_Exercise_. Tally up every line in the records beneath that has "Street", and write down only the total.

Start of The input

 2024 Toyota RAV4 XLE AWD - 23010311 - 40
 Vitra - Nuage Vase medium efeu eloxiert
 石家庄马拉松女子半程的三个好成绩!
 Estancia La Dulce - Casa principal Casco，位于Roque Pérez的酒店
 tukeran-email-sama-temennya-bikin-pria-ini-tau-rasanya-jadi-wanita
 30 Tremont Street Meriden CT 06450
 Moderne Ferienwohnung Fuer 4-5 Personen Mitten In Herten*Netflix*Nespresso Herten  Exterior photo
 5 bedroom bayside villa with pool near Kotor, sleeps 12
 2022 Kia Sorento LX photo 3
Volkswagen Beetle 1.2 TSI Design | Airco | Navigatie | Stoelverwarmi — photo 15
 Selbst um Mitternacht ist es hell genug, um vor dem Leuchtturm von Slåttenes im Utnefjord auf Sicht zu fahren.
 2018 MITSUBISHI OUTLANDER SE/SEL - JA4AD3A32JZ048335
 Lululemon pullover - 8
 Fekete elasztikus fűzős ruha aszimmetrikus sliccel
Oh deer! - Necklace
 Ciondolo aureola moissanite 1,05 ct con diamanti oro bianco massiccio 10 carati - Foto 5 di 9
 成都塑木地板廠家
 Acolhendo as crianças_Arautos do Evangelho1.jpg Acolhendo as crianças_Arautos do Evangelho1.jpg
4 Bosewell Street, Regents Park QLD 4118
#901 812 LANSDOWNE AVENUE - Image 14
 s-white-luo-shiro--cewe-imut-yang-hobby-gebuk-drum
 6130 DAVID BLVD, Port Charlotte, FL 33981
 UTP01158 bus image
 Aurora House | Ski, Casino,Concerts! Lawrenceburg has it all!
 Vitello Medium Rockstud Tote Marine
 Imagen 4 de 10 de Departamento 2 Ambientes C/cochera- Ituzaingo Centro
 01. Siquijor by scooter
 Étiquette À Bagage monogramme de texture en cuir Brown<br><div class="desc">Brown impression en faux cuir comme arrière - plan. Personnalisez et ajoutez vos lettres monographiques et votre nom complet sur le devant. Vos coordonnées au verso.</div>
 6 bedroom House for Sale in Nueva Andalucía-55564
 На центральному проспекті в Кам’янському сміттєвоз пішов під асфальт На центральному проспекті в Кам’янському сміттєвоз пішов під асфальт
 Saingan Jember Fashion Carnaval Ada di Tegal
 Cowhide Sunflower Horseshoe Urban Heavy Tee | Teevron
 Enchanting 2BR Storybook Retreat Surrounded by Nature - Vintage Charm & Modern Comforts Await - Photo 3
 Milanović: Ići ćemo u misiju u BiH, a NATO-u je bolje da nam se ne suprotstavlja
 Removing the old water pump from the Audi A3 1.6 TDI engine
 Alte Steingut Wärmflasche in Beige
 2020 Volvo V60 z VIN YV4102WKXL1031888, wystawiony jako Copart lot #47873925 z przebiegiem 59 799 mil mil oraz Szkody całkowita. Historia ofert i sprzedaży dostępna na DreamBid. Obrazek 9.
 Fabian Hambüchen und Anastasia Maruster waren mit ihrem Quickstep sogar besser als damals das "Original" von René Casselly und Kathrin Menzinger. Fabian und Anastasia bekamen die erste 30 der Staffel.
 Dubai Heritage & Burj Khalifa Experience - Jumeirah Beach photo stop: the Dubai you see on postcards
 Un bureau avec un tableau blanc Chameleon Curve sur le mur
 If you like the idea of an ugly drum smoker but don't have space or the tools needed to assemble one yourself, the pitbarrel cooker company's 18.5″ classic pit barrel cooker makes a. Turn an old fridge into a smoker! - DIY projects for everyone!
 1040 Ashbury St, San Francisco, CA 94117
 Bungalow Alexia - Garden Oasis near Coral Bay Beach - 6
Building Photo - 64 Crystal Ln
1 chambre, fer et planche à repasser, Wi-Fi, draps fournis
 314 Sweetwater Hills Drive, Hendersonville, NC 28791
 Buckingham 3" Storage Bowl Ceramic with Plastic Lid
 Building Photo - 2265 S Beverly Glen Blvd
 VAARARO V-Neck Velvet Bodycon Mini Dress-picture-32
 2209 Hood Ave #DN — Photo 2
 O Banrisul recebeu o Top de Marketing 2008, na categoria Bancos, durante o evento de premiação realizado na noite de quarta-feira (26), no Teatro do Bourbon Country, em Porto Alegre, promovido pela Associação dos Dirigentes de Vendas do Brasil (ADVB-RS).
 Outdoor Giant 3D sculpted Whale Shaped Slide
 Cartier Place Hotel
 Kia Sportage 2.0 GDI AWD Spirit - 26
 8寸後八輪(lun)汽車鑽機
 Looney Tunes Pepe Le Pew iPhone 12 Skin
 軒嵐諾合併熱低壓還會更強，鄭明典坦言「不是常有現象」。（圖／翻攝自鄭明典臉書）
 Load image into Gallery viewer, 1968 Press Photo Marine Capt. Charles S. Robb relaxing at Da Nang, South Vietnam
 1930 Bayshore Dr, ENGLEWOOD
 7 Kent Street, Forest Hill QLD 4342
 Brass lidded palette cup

End of The input

_Result of this exercise_. 3